Work to be completed: What should come back is the data below, word for word, minus any picture.

Given data:

==*==

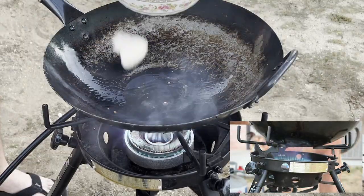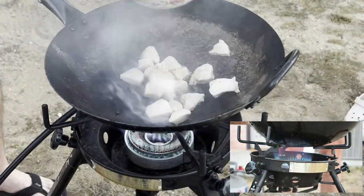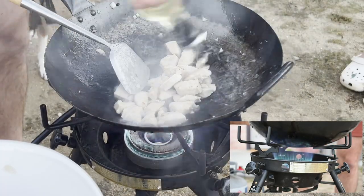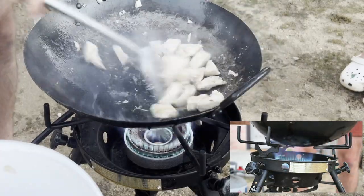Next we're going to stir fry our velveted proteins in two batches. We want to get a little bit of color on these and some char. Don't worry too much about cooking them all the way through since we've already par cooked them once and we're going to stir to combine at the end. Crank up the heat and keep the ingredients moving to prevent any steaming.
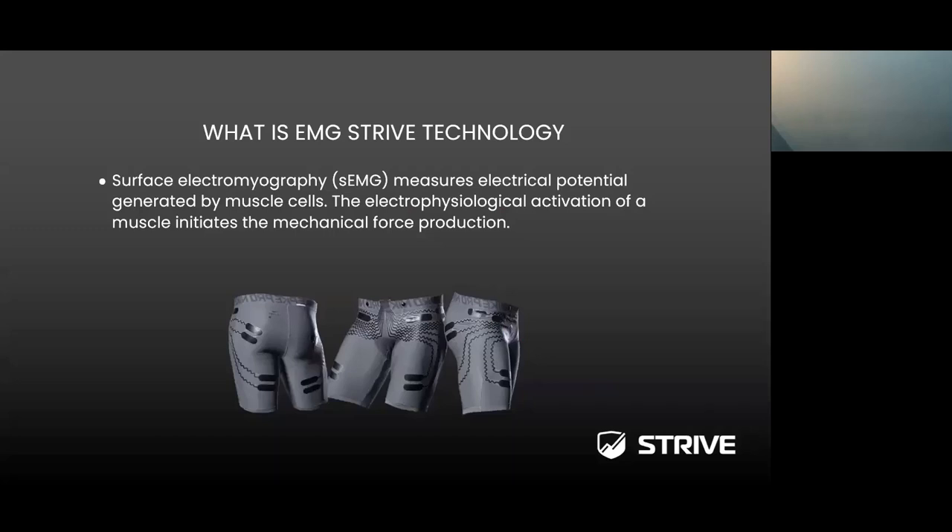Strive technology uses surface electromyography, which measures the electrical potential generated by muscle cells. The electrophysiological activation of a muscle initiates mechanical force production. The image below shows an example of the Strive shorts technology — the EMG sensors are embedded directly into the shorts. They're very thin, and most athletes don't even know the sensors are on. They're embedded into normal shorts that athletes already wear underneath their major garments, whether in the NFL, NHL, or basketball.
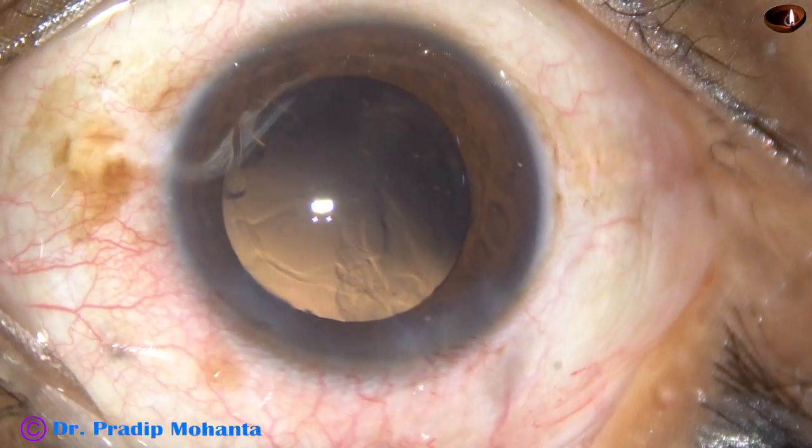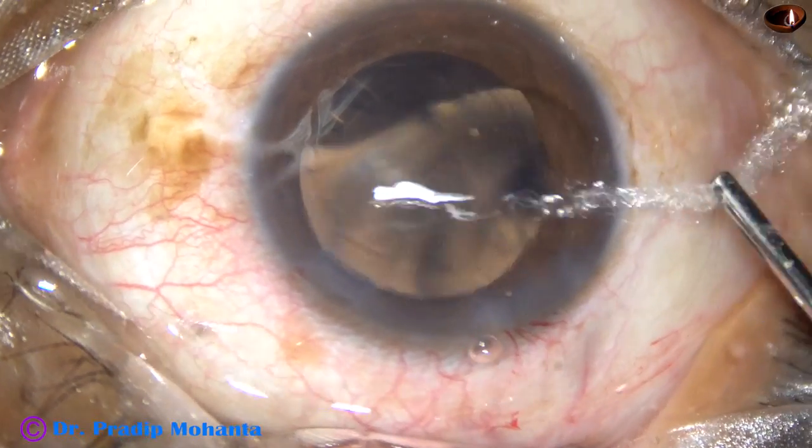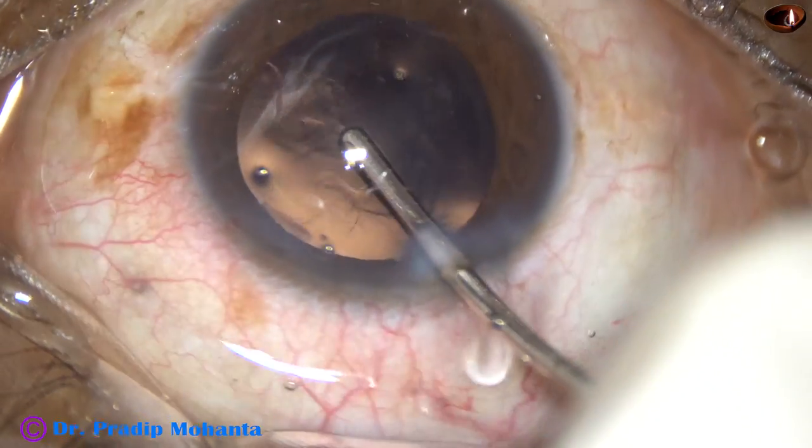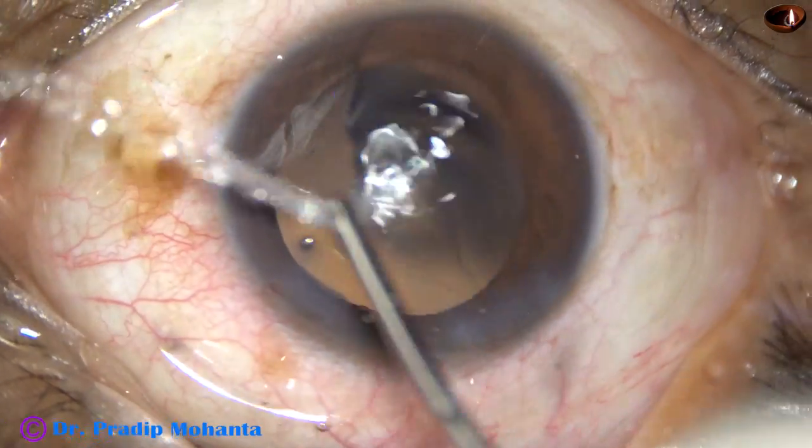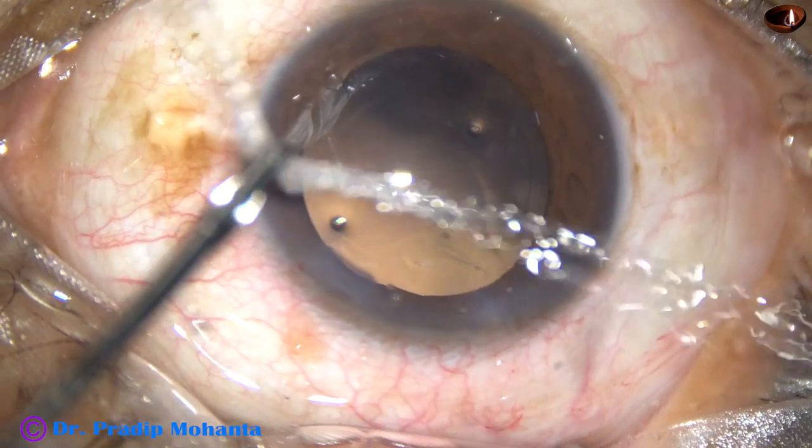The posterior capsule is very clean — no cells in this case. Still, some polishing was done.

==*==

Task response:
Next we're going to stir fry our velveted proteins in two batches. We want to get a little bit of color on these and some char. Don't worry too much about cooking them all the way through since we've already par cooked them once and we're going to stir to combine at the end. Crank up the heat and keep the ingredients moving to prevent any steaming.
Strive technology uses surface electromyography, which measures the electrical potential generated by muscle cells. The electrophysiological activation of a muscle initiates mechanical force production. The image below shows an example of the Strive shorts technology — the EMG sensors are embedded directly into the shorts. They're very thin, and most athletes don't even know the sensors are on. They're embedded into normal shorts that athletes already wear underneath their major garments, whether in the NFL, NHL, or basketball.
The posterior capsule is very clean — no cells in this case. Still, some polishing was done.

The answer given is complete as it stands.